Haden, on the other hand, leads a lot of sessions, but like every bass player not named Charles Mingus the lion's share of his discography is as part of the rhythm section for a bandleader. He did a series of albums with Abbey Lincoln in the early nineties. I love them, but Abbey's singing is more than a bit, oh, eccentric. A lot of people find it off-putting. Try the Quartet West disc I referenced above, Haunted Heart. It's central conceit is that it's a soundtrack to a non-existent film. Haden really loves old film and film scores, especially from the noir era. His romantic streak gets a real workout. The other distinctive thing about it is that on about half the tracks he incorporates older recordings by Jo Stafford, Jeri Southern and Billie Holiday. The Quartet West play intros which meld (very successfully in my opinion) into the old records. Holiday's "Deep Song" and Southern's "Ev'ry Time We Say Goodbye" are gorgeous. Some people found it too gimmicky.
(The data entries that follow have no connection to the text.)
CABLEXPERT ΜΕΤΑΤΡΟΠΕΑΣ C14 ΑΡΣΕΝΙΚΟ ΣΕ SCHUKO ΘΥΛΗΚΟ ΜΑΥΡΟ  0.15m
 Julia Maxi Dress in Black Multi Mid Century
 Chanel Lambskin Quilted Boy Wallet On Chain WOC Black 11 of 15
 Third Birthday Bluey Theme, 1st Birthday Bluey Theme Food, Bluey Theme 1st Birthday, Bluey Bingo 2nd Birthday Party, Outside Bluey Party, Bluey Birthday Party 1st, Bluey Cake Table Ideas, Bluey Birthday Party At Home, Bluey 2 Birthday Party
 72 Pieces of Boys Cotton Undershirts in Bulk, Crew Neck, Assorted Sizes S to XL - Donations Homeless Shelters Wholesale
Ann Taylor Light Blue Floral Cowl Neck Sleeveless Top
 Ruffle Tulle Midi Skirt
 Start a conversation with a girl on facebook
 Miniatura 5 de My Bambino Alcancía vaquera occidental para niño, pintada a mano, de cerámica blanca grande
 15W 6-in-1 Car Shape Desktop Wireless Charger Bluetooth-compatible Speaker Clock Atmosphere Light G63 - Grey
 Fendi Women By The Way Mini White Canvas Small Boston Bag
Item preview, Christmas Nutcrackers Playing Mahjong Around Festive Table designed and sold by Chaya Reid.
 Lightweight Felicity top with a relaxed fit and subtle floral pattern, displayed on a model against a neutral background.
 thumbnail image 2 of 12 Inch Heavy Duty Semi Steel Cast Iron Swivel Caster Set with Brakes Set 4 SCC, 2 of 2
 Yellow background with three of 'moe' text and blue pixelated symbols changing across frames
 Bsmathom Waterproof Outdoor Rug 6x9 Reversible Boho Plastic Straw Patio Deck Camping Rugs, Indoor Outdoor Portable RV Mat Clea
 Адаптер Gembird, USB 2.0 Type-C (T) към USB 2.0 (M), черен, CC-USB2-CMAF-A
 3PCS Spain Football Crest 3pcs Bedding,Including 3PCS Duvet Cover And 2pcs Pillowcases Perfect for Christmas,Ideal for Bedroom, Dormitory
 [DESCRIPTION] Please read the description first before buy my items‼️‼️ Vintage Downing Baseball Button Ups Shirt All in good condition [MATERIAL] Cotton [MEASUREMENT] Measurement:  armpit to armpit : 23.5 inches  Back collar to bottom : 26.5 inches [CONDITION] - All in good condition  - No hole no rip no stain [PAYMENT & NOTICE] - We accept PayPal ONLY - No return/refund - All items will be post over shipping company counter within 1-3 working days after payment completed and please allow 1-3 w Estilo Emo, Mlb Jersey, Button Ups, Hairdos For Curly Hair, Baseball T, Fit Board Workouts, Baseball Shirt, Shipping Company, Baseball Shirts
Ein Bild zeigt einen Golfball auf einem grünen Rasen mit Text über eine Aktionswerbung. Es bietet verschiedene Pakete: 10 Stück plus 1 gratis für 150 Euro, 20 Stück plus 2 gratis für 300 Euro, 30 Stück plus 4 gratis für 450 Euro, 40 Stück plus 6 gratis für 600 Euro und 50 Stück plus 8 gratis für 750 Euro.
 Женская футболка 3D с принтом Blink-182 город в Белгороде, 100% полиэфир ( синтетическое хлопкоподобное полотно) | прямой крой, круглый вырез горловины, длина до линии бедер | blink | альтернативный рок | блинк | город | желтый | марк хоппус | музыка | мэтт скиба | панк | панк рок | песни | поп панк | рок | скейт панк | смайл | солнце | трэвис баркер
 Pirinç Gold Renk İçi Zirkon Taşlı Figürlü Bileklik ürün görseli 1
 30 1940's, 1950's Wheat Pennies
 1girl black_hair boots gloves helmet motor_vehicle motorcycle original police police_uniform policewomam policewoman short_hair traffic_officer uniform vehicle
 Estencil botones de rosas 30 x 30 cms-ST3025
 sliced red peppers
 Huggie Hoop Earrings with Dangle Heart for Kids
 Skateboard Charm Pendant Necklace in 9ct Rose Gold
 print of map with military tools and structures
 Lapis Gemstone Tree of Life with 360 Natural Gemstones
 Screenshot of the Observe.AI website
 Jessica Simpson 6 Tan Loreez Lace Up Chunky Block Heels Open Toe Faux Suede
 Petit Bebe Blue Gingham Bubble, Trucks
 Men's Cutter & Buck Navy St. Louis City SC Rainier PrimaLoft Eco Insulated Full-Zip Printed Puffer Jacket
But they were wrong.
Almost forgot... the band I used to manage did a cover of Zappa's "Cosmik Debris" that was really great. I was thinking they did it as medley with Funkadelic's "Cosmic Slop" (which was also in the repertoire), but now that I think about it I'm conflating it with the dual cover called "Loose Rider," a combo of Funkadelic's "Loose Booty" and the Dead's "I Know You Rider". I'm blanking on what the Zappa was mixed with, one of the band's originals maybe. Anyway, I do like "Cosmik Debris". Of course, Zappa's basically to blame for the Wild Man Fischer covers that the boys liked to do that were guaranteed to clear out any crowd. Miss Jennifer Jones is lying dead... On my porch
find it kind of charming because there always seemed to be a certain bone-dry wit about it, and he never seemed to be a snob about it
Exactomundo.
Offhand I can't think of any Ornette with singers, but he's been recording for fifty years, and started in R&B bands, so I wouldn't be shocked. He doesn't record much as a sideman either, and I can't think of any sessions backing a singer.
There's singers on The Science Fiction Sessions, but the tracks with singers are almost uniformly well nigh unto impossible to listen to, sort of like when Ornette plays violin and puts his 10-yr-old on drums, only more so.
Did I mention that I finally saw Jandek on Corwood? 'Cause that movie goes a long way towards making Jandek sound like someone you could listen to at parties. Admittedly, they would be very depressing parties, and no one who came would ever speak to you again.
Anyway, it ends with parts of a phone interview between Jandek and a guy who wrote for Spin in the mid 80s, and damn if Jandek doesn't sound just like some regular ol' Texas dude. If you heard the interview, you'd never know that guy is responsible for some of the most whacked-out space blues from Hell ever recorded, and I'm using the word "recorded" liberally.
Huh. Jandek on Corwood is on Netflix. It has been queued!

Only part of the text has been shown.